Why Filmmakers Make These Choices
This is not straightforwardly dishonest. Filmmakers face a structural problem.
Real lives do not have three-act structures. Real people have contradictions that do not resolve neatly. A biography that followed every uncertainty in a real person’s life would be unwatchable.
Consequently, choices get made. Some honor the subject. Some protect the studio from litigation. Some serve the commercial need for a likable protagonist the audience will follow for two hours. The line between necessary simplification and misleading distortion is blurry, and it gets crossed constantly.
What to Do With What You Watch
The most useful frame for watching biopics is not fact-checking but intention-reading.
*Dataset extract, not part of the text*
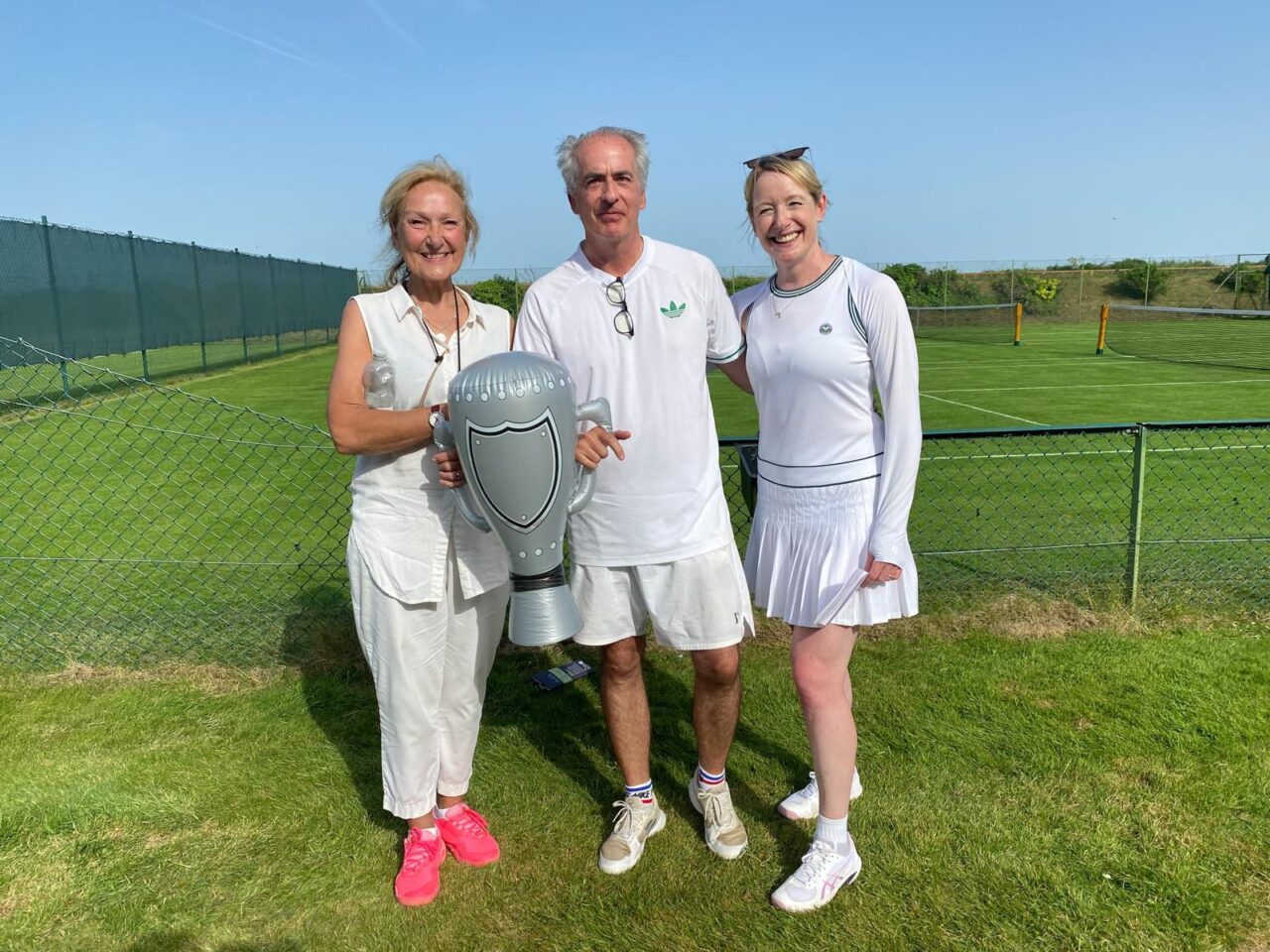 Opening Grass Court Tournament Launches Rye's 2026 Season in Style 2 WhatsApp Image 2026 05 25 at 18.32.37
Ask what story the filmmakers chose to tell and whose interests that story serves.
Did the film have the cooperation of its subject or their estate? If yes, expect a more sympathetic version than reality offers. Did the family refuse? That often produces a more critical account, sometimes an unfair one.
Furthermore, biopics work best as entry points, not conclusions. If Oppenheimer made you curious about the Manhattan Project, read a book. If Scam 1992 made you curious about Harshad Mehta, read Sucheta Dalal’s original reporting. The film is the introduction. Reality is always more complicated, and usually more interesting.
Frequently Asked Questions(FAQs)
1. Are biopics based on true stories or are they mostly fiction?
Biopics are based on real people and events, but they consistently compress timelines, alter sequences, and combine characters to work dramatically. The underlying facts are real. The structure and many specific details are constructed. Most biopics disclose alterations in their credits, but audiences rarely register the disclaimer.
2. Why do biopics win so many awards?
Biopics give actors the opportunity to demonstrate transformation through physical change, accent work, and emotional range. Academy and BAFTA voters have historically favoured performances of real people. Additionally, biopics carry cultural weight because they engage with actual history, lending them a seriousness that purely fictional films rarely achieve by default.
3. Which recent biopics have been criticized for inaccuracy?
Bohemian Rhapsody drew criticism for rearranging key events in Freddie Mercury’s life. Sanju faced criticism in India for softening the Sanjay Dutt narrative. The Crown attracted backlash for dramatizing private royal conversations. All three were commercially successful despite the criticism.